Predicación de Domingo de los Dones de la Mujer
Anc. Eilleen Rivas
Textos bíblicos: 
Jueces 4:4-16, Rut 1, Efesios 2:19

Anc. Eileen Rivas, Candidata al Ministerio del Presbiterio de San Juan y Estudiante de M.Div. del Seminario Evangélico de Puerto Rico.
Anc. Eileen Rivas, Candidata al Ministerio del Presbiterio de San Juan y Estudiante de la Maestría en Divinidad del Seminario Evangélico de Puerto Rico.

La libertadora del pueblo de Israel

Jueces 4:4 nos dice que gobernaba en aquel tiempo a Israel una mujer, Débora, profetiza, mujer de Lapidot.  Tenía una relación muy especial con Dios, tanto que era profetiza. Esta posición no se hereda.  Así que Dios le regaló el don de la profecía, Débora tenía un llamado especial de parte de Dios. Qué interesante que menciona que es la mujer de Lapidot, debemos recordar que Israel estaba formado por una sociedad patriarcal, por lo que no nos debe sorprender que aún la líder del pueblo fuera mencionada por el nombre de su esposo. Ella fue una líder carismática, profetiza, de las tribus de Israel. 

Acostumbraba a sentarse bajo una palmera (conocida como la palmera de Débora), entre Ramá y Bet-el, en los montes de Efraín.  La sabiduría de Débora era tal que los Israelíes no podían resolver sus problemas por ellos mismos y acudían a ella en busca de justicia. La jueza se auto valoraba y se respetaba a sí mismo.
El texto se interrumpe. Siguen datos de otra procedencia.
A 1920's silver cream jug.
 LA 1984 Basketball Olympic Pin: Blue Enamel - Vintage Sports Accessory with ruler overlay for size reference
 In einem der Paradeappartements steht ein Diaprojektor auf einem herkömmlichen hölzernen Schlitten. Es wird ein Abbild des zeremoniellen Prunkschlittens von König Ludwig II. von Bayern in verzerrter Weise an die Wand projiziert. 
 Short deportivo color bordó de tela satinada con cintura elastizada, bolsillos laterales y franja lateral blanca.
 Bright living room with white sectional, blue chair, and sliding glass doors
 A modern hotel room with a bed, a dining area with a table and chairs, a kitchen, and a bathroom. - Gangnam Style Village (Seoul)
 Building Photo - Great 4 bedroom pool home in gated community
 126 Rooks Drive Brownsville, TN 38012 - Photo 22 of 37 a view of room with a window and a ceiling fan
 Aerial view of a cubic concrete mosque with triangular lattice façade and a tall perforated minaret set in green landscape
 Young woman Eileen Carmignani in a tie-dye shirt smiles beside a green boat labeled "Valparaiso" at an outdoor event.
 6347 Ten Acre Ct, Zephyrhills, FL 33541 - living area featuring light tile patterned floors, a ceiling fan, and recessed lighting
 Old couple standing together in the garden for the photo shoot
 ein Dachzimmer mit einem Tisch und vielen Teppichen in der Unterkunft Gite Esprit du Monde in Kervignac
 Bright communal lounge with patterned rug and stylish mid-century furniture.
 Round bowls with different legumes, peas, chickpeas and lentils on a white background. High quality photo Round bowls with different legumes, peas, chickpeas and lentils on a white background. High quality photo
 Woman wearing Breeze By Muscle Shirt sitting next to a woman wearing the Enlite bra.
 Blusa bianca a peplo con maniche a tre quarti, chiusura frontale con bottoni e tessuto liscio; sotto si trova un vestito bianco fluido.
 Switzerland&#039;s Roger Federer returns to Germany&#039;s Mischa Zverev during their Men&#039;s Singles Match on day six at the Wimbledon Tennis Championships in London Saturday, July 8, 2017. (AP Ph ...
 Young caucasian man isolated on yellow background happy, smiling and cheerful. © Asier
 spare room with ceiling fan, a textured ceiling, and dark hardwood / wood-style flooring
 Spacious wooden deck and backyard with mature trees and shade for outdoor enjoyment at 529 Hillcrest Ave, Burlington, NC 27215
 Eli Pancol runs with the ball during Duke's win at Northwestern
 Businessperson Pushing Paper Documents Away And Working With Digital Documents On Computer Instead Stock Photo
Un día se atrevió a dar órdenes a Barac para guiar a los israelíes contra Sísara (Jue.4-5). Él le respondió: “Si tú vas conmigo, yo iré; pero si no vas conmigo, no iré.”  Aquí vemos el liderazgo de Débora.  Pero para ser profetiza, para tener sabiduría y para tener liderazgo, hay que reconocer que Dios es quien nos da todos esos regalos, todos esos dones.  Débora reconocía a Dios en todo, lo que le permitió ser una gran líder, para poder mandar es necesario saber obedecer. Para mí esa era la característica más importante de ella, era obediente. Ella superó todas las necesidades de sobrevivencia para escalar logros en el ámbito espiritual y a la misma vez en el plano comunal/tribal.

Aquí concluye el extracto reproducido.